§ What you need to do
The material below includes pictures; leave them out and return only the lines between the line containing "Hey everyone, welcome" and the line containing "One tin canister", inclusive, word for word.

§ Dataset extract
=== Begin Enclosure ===

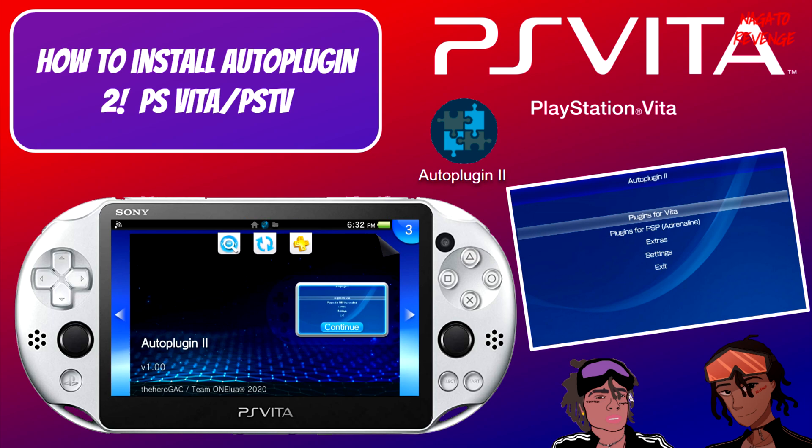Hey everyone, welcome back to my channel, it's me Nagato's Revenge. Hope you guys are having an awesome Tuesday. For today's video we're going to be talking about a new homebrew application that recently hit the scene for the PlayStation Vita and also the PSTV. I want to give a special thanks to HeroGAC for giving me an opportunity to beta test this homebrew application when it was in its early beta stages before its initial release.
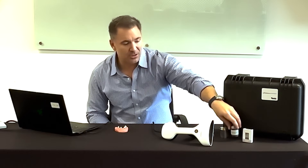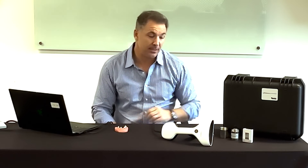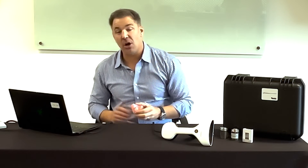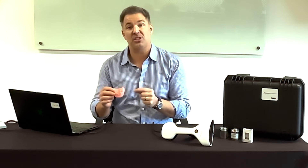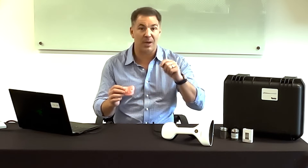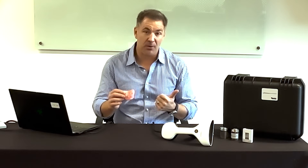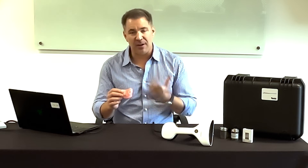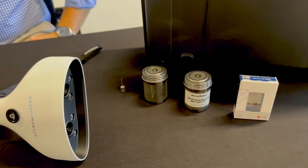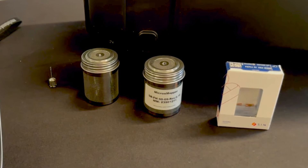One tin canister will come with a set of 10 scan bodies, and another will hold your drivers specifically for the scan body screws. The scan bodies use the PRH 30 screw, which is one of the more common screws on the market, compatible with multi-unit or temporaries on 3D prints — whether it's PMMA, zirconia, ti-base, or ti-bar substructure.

=== End Enclosure ===
=== Begin Enclosure ===

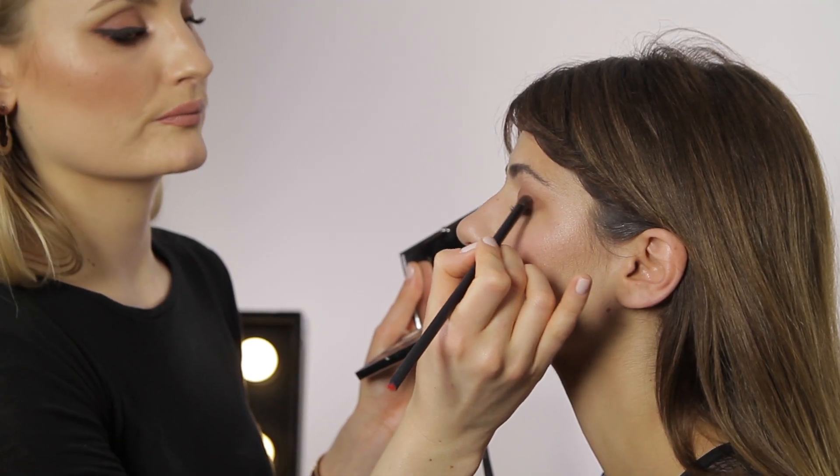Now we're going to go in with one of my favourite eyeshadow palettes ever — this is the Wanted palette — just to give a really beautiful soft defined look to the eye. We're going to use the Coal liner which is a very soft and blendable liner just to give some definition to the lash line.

=== End Enclosure ===

§ Worked solution
Hey everyone, welcome back to my channel, it's me Nagato's Revenge. Hope you guys are having an awesome Tuesday. For today's video we're going to be talking about a new homebrew application that recently hit the scene for the PlayStation Vita and also the PSTV. I want to give a special thanks to HeroGAC for giving me an opportunity to beta test this homebrew application when it was in its early beta stages before its initial release.
One tin canister will come with a set of 10 scan bodies, and another will hold your drivers specifically for the scan body screws. The scan bodies use the PRH 30 screw, which is one of the more common screws on the market, compatible with multi-unit or temporaries on 3D prints — whether it's PMMA, zirconia, ti-base, or ti-bar substructure.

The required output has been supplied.